Oto kilka przykładów prac naukowych:
- Liczba zabójstw i napadów spada po premierze brutalnych gier.
- Nie ma związku pomiędzy grami i zwiększoną przemocą czy agresywnymi myślami.
- Granie przyczynia się do niewielkiego wzrostu agresji (takiego jak odtwarzanie głośnej muzyki, ale nie sięgania po broń).
- Około 70 proc. uczniów gra w brutalne gry komputerowe. Dla porównania, zaledwie 20 proc. uczestników strzelanin grało w gry.
Populiści zwykle nie przejmują się nauką. Ta sprzedaje się o wiele słabiej niż straszenie opinii publicznej.

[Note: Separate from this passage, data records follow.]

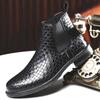 Fashion New Men's Woven Pattern Handmade Elastic Sleeve High Top Leather Boots for Casual Business and Fashion Chelsea Leather Boots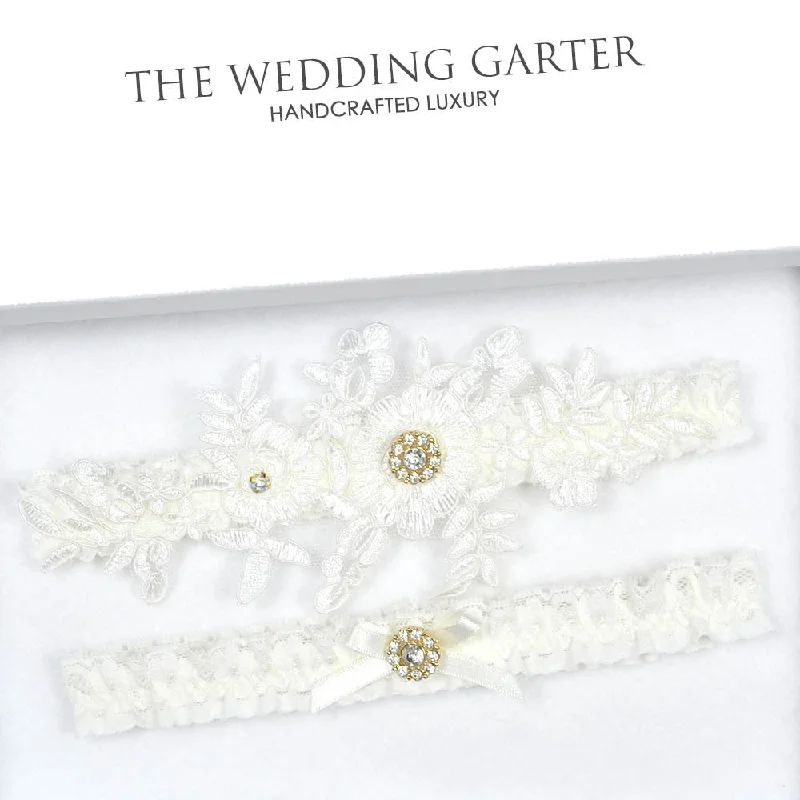 Ivory Lace Wedding Garter Set With Floral Applique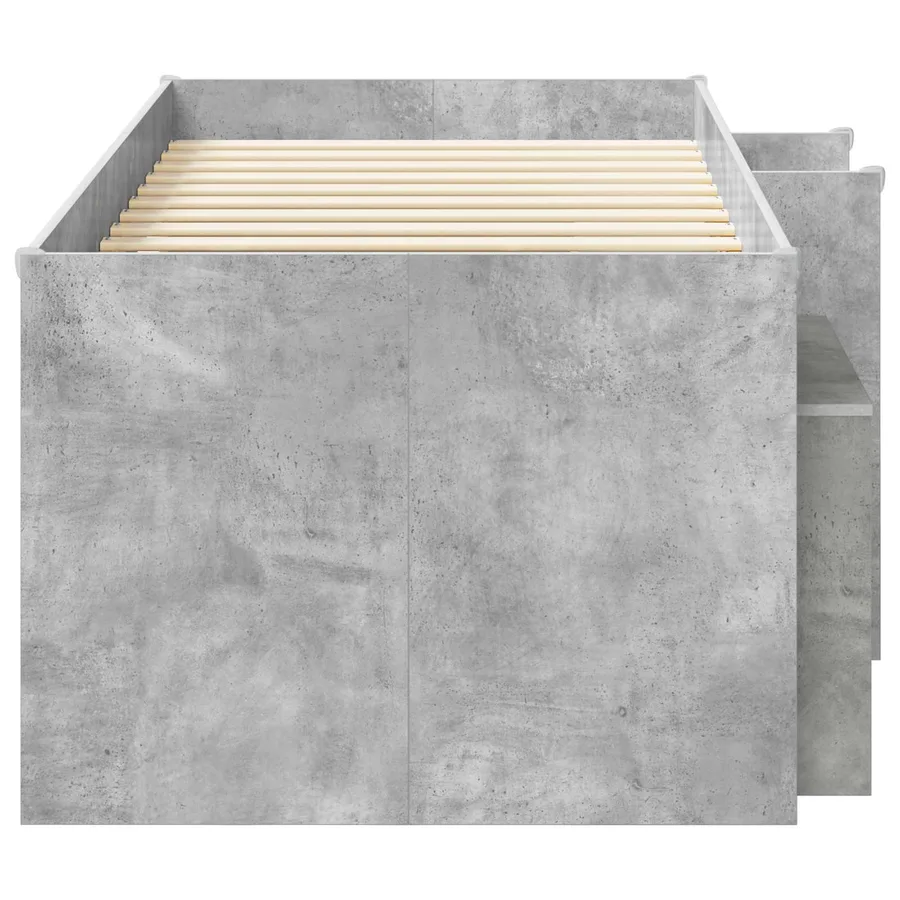 Cadre de lit en loft avec armoire avec étagère 3 pc Gris béton - 4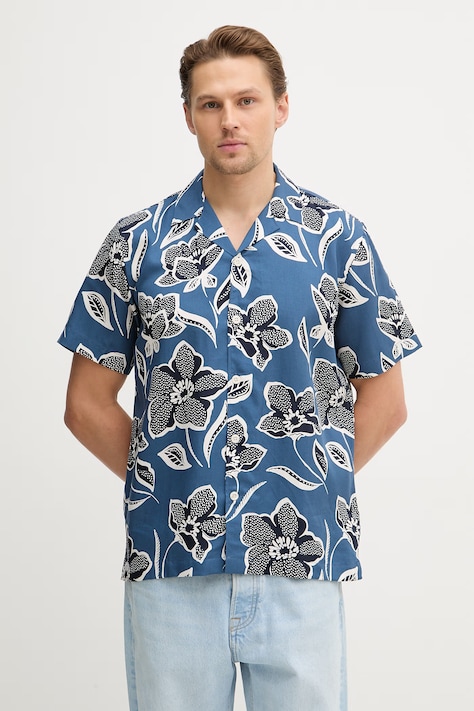 Lindbergh koszula męska kolor niebieski regular z kołnierzykiem klasycznym 30.203707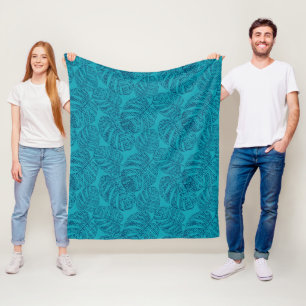 Cobertor De Velo Folhas de monstera azul.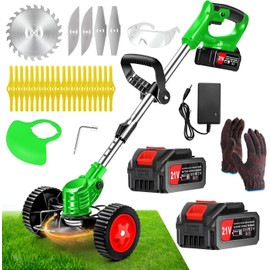 Tucssarg Electric Weed Wacker Cordless Weed Wacker Battery Powered Grass Trimmer with 2PCS 4000Ah Battery and 3 Types Blade 3 in 1 Brush Cutter Weed Trimmer Lawn Trimmer for Lawn Yard Bush Trimming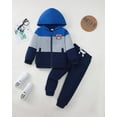 thumbnail image 2 of 7Y Big Boys Clothes 8Y Boys 2PCS Hoodie Outfits Set Color-Blocked Big Boys Long Sleeve Top Pants Set Blue, 2 of 8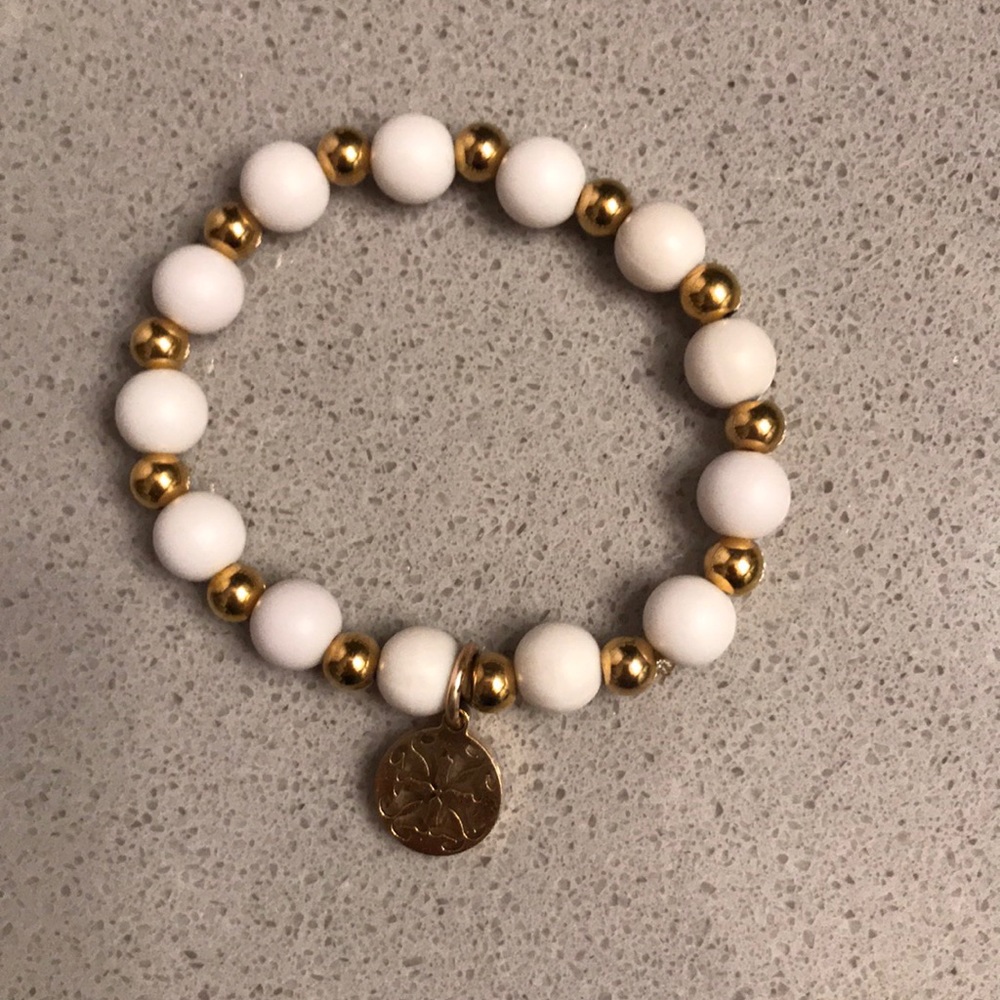 Gold and white rustic cuff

Niestety, w samym środowisko e-sportowym zdarzają się przykłady zachowań, który nijak nie pomagają w edukacji otoczenia. Poniżej widzicie wiadomość, jaką na Twitterze wysłał profil ESL-a poświęcony Counter-Strike'owi.
Zarządzający profilem zdążyli już wytłumaczyć całe zajście zhakowaniem konta, ale - umówmy się - to najbardziej generyczna wymówka, na jaką mogli się zdobyć.
Radzenie sobie z takimi tragediami może być egzaminem dla całego środowiska, które w Polsce nadal traktowane jest z przymrużeniem oka. Polskie mass-media mają bowiem długą tradycję przedstawiania profesjonalnych graczy jako autystycznych dzieciaków, które całymi dniami siedzą w internecie i ślepną od monitora. Krzywdzi to szczególnie osoby, które jednej grze poświęcają długie godziny treningów, starając się podnosić własne umiejętności.
Skala wyzwań, z jakimi w środowisku e-sportowym zmagamy się w Polsce, jest jednak nieporównywalnie mniejsza do problemów, które będą dyskutowane za Oceanem. Oby moment, kiedy kilka czarnych owiec, postanowiło chwycić za broń zamiast za pada nie był w przyszłości traktowany jako punkt zwrotny w historii e-sportu.